▼

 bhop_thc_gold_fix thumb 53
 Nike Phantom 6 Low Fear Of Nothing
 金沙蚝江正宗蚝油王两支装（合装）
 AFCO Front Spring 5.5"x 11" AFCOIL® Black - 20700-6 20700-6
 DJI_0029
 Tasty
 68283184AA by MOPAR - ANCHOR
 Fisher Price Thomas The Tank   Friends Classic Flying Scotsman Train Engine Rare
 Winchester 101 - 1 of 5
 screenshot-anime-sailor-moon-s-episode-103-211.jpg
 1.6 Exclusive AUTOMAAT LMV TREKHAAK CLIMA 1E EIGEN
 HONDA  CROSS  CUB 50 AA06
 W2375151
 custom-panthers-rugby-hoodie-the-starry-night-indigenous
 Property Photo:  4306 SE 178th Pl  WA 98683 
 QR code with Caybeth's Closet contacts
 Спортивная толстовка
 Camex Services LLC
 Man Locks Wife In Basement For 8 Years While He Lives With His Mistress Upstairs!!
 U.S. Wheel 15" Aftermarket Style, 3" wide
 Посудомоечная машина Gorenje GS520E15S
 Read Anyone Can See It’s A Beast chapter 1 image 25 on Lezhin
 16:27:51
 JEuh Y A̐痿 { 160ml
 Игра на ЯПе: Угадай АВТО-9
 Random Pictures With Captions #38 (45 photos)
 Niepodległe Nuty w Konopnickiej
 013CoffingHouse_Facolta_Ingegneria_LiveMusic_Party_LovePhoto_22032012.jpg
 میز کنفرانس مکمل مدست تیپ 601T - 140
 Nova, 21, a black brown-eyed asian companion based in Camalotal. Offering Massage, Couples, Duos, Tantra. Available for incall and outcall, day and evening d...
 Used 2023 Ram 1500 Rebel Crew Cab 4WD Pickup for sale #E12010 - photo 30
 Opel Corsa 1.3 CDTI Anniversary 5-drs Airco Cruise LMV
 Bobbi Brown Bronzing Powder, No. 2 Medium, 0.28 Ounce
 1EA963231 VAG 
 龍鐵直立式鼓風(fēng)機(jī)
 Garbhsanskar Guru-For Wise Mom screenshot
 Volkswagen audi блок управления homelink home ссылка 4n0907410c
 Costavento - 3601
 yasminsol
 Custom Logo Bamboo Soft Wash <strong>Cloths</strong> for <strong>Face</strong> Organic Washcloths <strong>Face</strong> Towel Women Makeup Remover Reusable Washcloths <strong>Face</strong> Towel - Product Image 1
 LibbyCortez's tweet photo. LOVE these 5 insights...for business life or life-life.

▲

▶ Exercise prompt
Based on the records above, how many lines hold the string "screenshot"? Answer with the number by itself.

▶ Response
2